START Recorded data
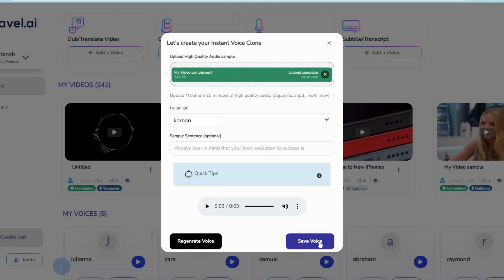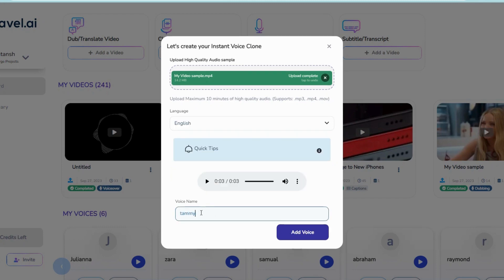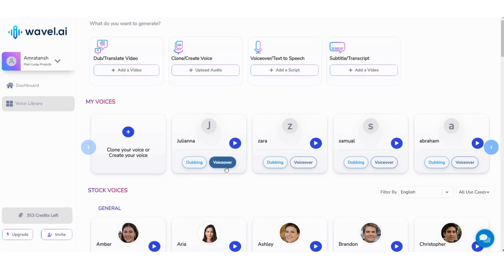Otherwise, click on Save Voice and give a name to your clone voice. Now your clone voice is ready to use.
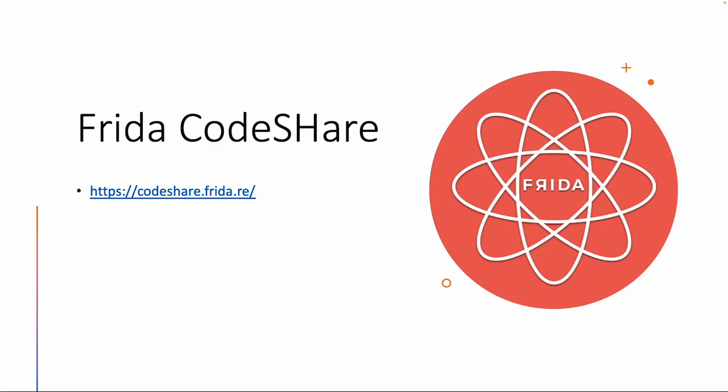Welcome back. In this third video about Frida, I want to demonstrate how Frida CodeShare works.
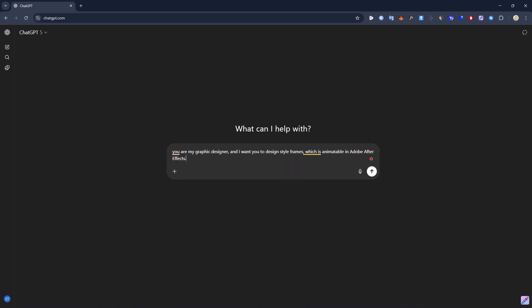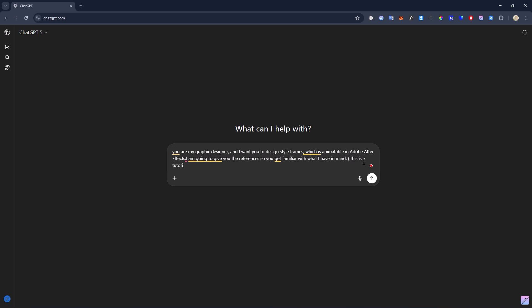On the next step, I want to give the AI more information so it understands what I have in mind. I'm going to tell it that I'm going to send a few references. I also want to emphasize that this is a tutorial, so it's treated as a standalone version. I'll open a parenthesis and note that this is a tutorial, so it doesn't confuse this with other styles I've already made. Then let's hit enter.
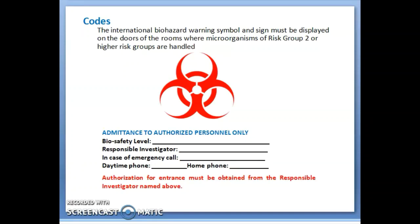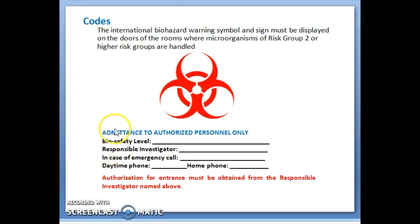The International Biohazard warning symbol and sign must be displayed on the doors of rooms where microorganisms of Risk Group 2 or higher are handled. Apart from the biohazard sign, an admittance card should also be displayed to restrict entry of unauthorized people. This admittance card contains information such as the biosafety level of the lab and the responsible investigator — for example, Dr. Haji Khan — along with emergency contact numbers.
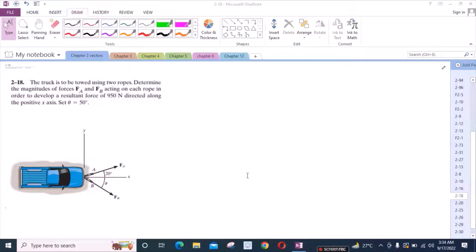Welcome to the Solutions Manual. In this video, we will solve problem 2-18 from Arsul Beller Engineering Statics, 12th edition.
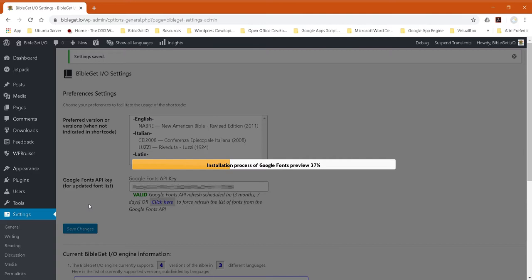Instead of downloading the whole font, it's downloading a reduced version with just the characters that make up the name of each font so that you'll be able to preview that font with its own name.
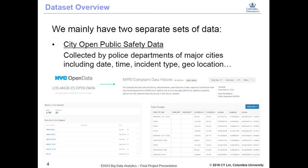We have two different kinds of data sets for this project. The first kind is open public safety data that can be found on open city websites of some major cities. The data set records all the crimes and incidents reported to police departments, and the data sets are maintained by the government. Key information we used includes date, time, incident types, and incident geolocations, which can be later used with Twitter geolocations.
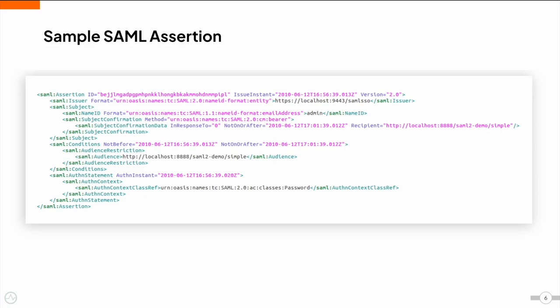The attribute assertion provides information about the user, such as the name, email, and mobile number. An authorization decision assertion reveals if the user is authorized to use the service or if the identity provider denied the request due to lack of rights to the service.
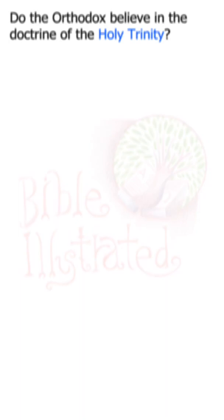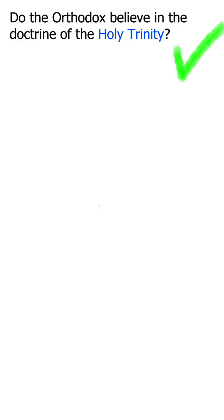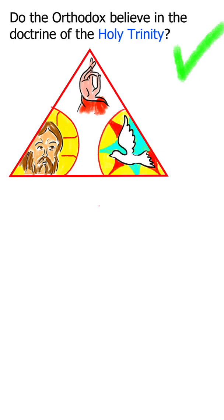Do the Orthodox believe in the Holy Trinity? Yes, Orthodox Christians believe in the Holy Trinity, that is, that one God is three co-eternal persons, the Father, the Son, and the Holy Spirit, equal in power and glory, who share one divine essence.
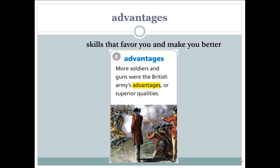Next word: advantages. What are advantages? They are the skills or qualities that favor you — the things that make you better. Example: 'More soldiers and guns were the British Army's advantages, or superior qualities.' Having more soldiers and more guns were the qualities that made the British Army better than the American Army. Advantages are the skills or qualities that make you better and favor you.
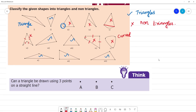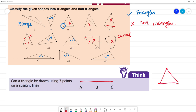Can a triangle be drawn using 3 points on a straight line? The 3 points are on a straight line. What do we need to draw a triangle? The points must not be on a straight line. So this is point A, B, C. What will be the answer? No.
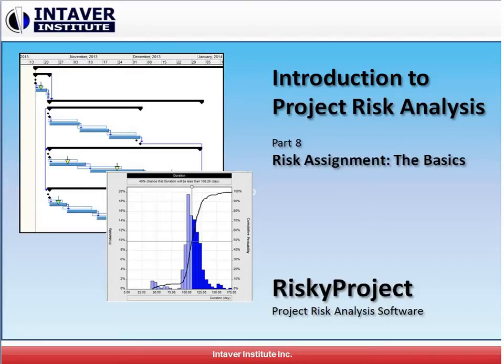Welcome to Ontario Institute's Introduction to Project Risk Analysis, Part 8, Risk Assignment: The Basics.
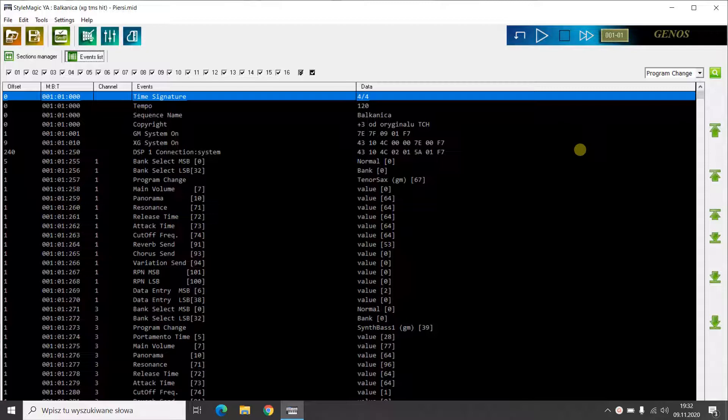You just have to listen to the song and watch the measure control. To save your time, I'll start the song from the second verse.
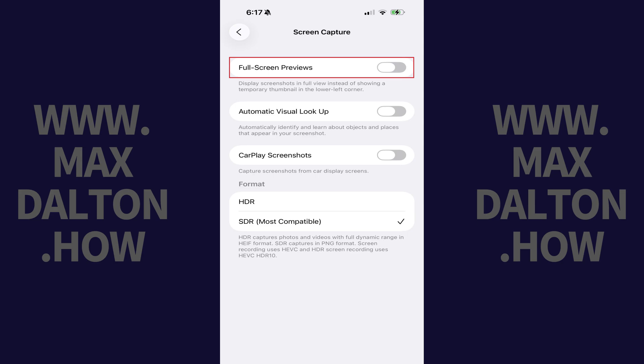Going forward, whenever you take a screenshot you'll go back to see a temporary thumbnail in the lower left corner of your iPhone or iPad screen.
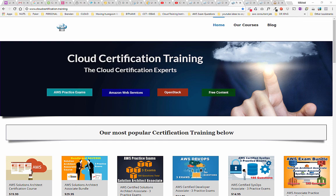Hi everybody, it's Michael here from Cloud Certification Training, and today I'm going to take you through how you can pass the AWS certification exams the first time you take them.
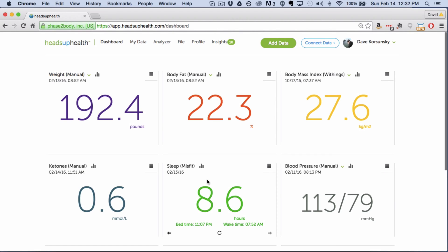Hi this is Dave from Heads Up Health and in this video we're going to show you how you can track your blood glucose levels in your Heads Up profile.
END Recorded data
START Recorded data
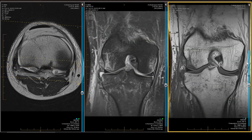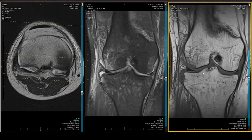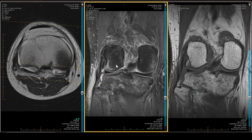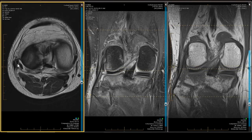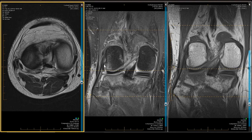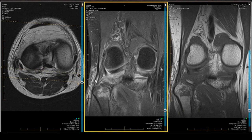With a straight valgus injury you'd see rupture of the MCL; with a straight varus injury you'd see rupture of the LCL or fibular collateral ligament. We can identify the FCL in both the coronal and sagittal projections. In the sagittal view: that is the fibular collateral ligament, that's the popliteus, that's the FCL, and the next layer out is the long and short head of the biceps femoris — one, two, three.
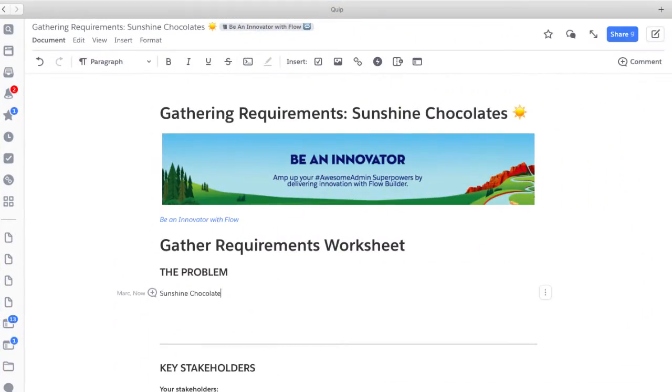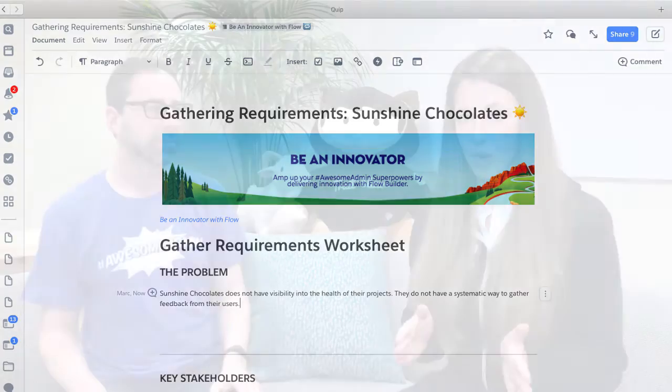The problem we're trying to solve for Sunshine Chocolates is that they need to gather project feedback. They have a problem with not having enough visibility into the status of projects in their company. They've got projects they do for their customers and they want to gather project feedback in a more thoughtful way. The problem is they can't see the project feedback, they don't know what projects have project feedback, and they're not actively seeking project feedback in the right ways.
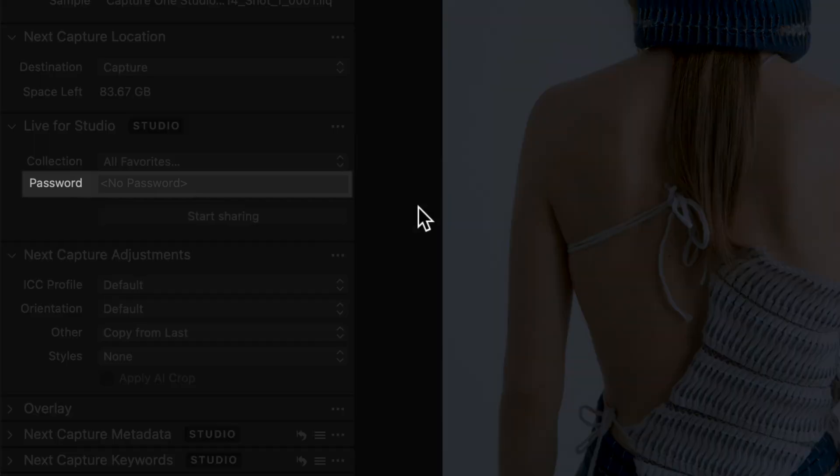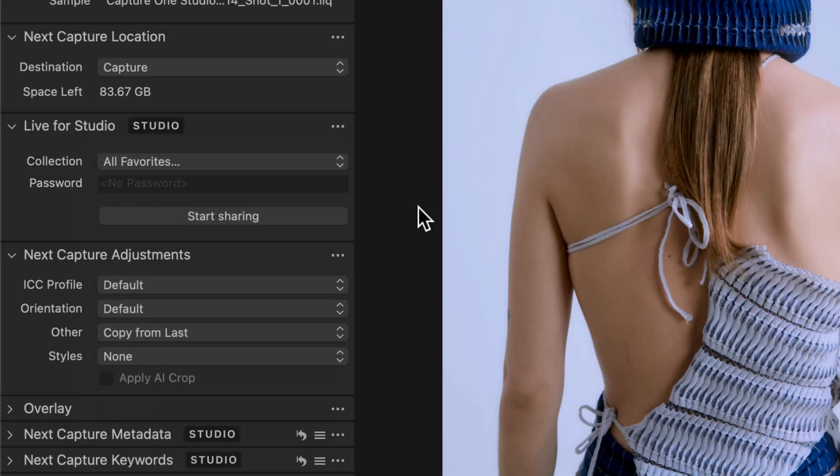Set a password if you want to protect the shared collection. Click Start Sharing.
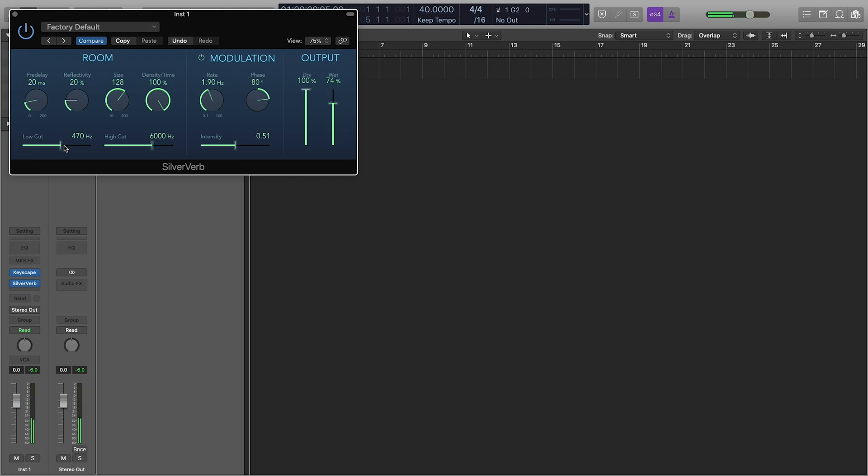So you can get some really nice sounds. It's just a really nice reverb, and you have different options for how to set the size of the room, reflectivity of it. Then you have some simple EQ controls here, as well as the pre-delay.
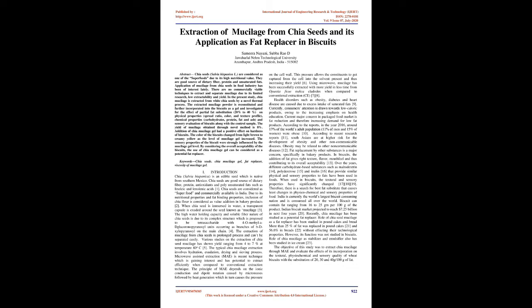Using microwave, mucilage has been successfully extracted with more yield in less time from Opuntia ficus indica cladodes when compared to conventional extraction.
END Recorded data
• **What to do**:
In the records above, find the line containing "We have two" and the line containing "You just have", then give both of them again word for word along with every line between. Omit any pictures.

• **Written solution**:
We have two different kinds of data sets for this project. The first kind is open public safety data that can be found on open city websites of some major cities. The data set records all the crimes and incidents reported to police departments, and the data sets are maintained by the government. Key information we used includes date, time, incident types, and incident geolocations, which can be later used with Twitter geolocations.
The attribute assertion provides information about the user, such as the name, email, and mobile number. An authorization decision assertion reveals if the user is authorized to use the service or if the identity provider denied the request due to lack of rights to the service.
Do the Orthodox believe in the Holy Trinity? Yes, Orthodox Christians believe in the Holy Trinity, that is, that one God is three co-eternal persons, the Father, the Son, and the Holy Spirit, equal in power and glory, who share one divine essence.
Next word: advantages. What are advantages? They are the skills or qualities that favor you — the things that make you better. Example: 'More soldiers and guns were the British Army's advantages, or superior qualities.' Having more soldiers and more guns were the qualities that made the British Army better than the American Army. Advantages are the skills or qualities that make you better and favor you.
Can a triangle be drawn using 3 points on a straight line? The 3 points are on a straight line. What do we need to draw a triangle? The points must not be on a straight line. So this is point A, B, C. What will be the answer? No.
Welcome to Ontario Institute's Introduction to Project Risk Analysis, Part 8, Risk Assignment: The Basics.
You just have to listen to the song and watch the measure control. To save your time, I'll start the song from the second verse.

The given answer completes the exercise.